> _WHAT TO DO_: After locating the line with "Cuba De Inox" below, output it and each following line exactly, stopping after the line with "MEDIARANGE Schwarzer Toner". No pictures.

> _GIVEN DATA_:
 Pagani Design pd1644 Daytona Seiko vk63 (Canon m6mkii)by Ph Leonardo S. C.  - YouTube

---

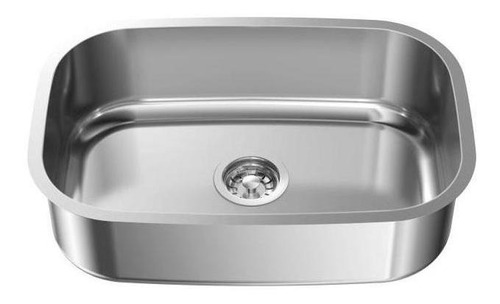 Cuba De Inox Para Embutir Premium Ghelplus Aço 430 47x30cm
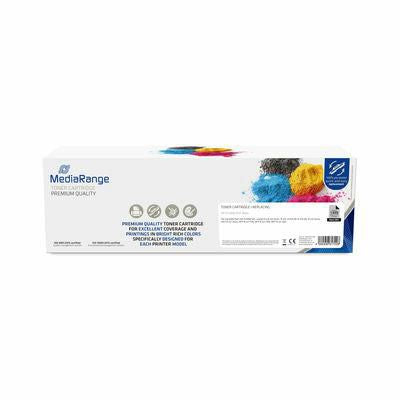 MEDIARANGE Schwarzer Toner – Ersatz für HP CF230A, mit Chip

--

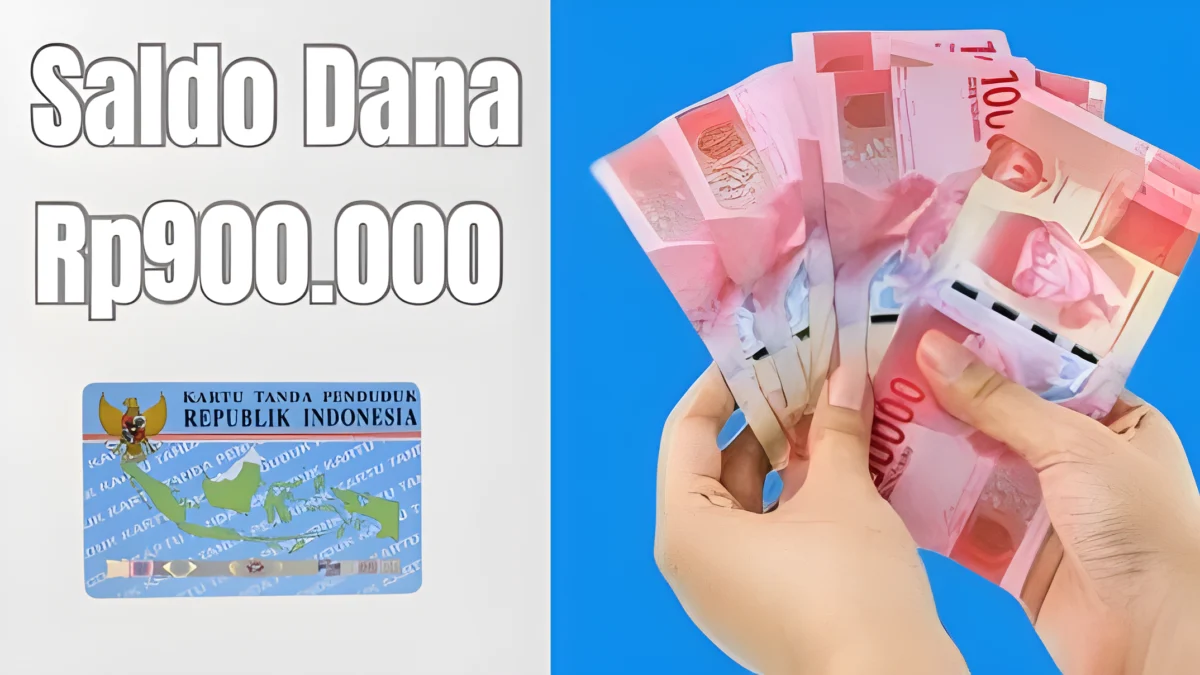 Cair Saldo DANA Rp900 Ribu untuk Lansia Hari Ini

> _ANSWER TO THE EXERCISE_:
 Cuba De Inox Para Embutir Premium Ghelplus Aço 430 47x30cm
 MEDIARANGE Schwarzer Toner – Ersatz für HP CF230A, mit Chip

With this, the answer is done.